Armand – À la fin de la semaine, ceux et celles qui souhaitent continuer la formation avec le cours de niveau 2 ou simplement confirmer leur niveau après la semaine de formation peuvent passer des examens d’évaluation de leurs capacités physiologiques à la dégustation. Il s’agit de plusieurs épreuves durant lesquelles il faut utiliser son odorat et son goût pour reconnaître l’intensité des attributs négatifs ou positifs présentés. Une épreuve se déroule de la façon suivante: on se retrouve devant 12 verres alignés qui ne contiennent pas de l’huile d’olive mais uniquement le défaut ou la qualité sur laquelle se concentre l’épreuve – on est tombés sur le moisi, le rance, le vineux en défaut et l’amertume en qualité – classés du moins fort au plus fort. On peut sentir quelques verres, l’idée c’est de créer son échelle mentale, et on se retourne pour faire faire dos à la ligne de verres. Pendant qu’on est dos aux verres, l’examinateur retire un verre de l’alignement des 12 verres, le place plus proche de ou de la candidate et rapproche les verres pour former à nouveau un alignement de verres. On se tourne à nouveau pour faire face au verre sélectionné par l’examinateur et à la ligne, composé désormais de 11 verres, tu suis ? La mission, pas impossible mais pas évidente, est de replacer le verre à l’endroit exact où il était. On fait ça 4 fois par épreuve et il y a 4 épreuves au total; il y a donc 16 verres à classer. Plus on hésite et plus on attend, plus on se perd: il faut y aller à l’instinct sinon, avec le temps, ça devient compliqué de se recentrer !

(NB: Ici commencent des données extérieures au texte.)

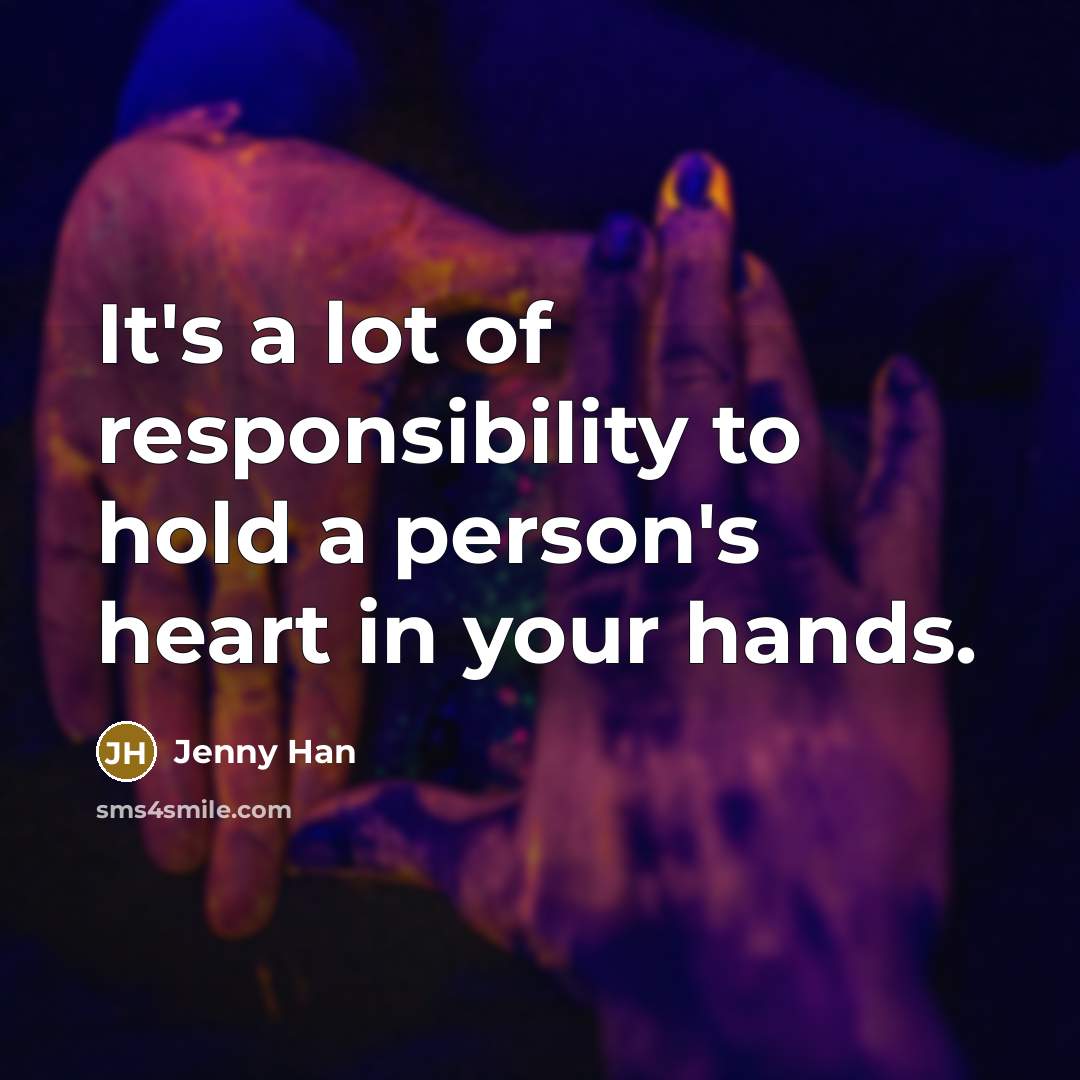 “It's a lot of responsibility to hold a person's heart…” quote by Jenny Han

Cécile- Recommanderais-tu cette formation ? Si oui, à qui ?
Armand – Je recommande à 100% cette formation mais il faut savoir que le parcours de l’ONAOO s’adresse avant tout à des personnes qui veulent devenir dégustateur ou dégustatrices professionnels. Les personnes présentes pendant ma session avaient toutes une activité ou un projet d’activité professionnelle dans le monde oléicole: production, commercialisation, sélection, etc. Si la maîtrise de l’italien n’est pas obligatoire pour suivre la formation, il y avait une interprète italien – anglais pour les étrangers, je dirais que parler cette langue reste un gros avantage parce que le vocabulaire peut être assez technique. Il faut savoir que prix de la formation est assez élevé [environ 2100 euros pour la semaine]. Ça peut éventuellement être un frein pour un amateur mais si on en a les moyens rien n’empêche de suivre la formation.
Cécile- C’est quoi la prochaine étape ?
Armand – J’ai beaucoup appris pendant cette première partie de formation mais je sais que la route vers une maîtrise de ce produit complexe qu’est l’huile d’olive est encore longue. Ayant réussi mes examens et avec mon objectif de devenir expert en tête, j’ai évidemment hâte de suivre le deuxième niveau du cours que j’espère commencer à la session d’octobre prochain.